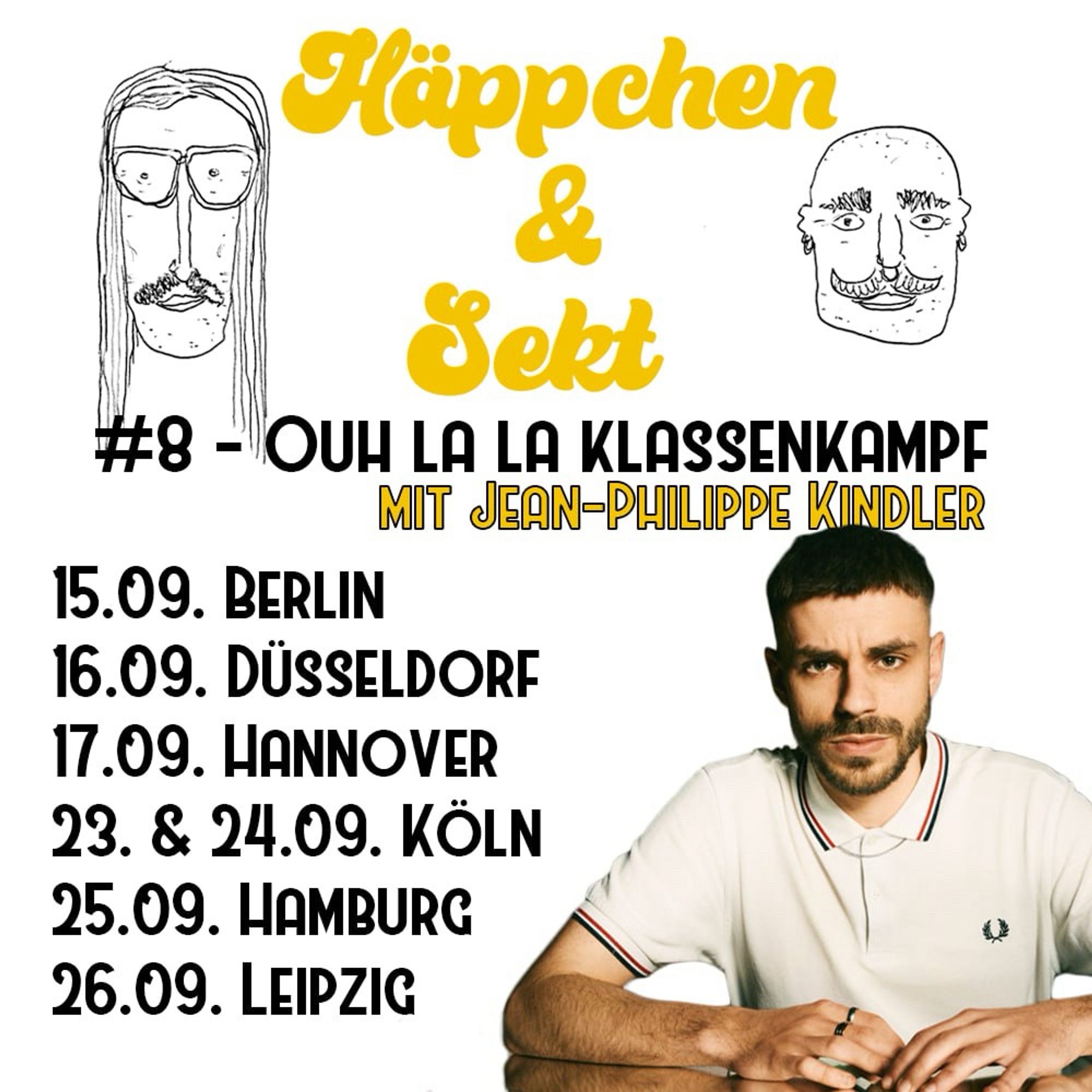 Häppchen & Sekt 08 - Ouh La La Klassenkampf mit Jean-Philippe Kindler Tourtermine:

15.09. Berlin
16.09. Düsseldorf
17.09. Hannover
23. & 24.09. Köln
25.09. Hamburg
26.09. Leipzig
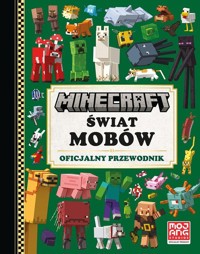 Minecraft Świat mobów Oficjalny przewodnik -  - książka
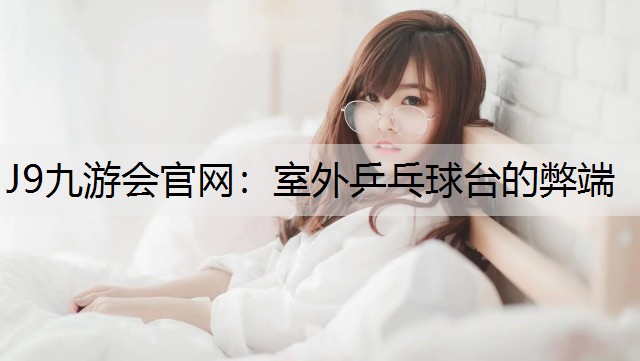 J9九游会官网：室外乒乓球台的弊端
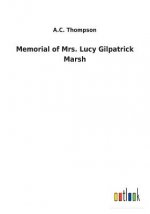 Memorial of Mrs. Lucy Gilpatrick Marsh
····················
→ Problem requirements
Leave the pictures out, then output exactly the lines from the "23. & 24.09. Köln" line through the end of the records above, and no others.

→ Solved exercise
23. & 24.09. Köln
25.09. Hamburg
26.09. Leipzig
 Minecraft Świat mobów Oficjalny przewodnik -  - książka
 J9九游会官网：室外乒乓球台的弊端
 Memorial of Mrs. Lucy Gilpatrick Marsh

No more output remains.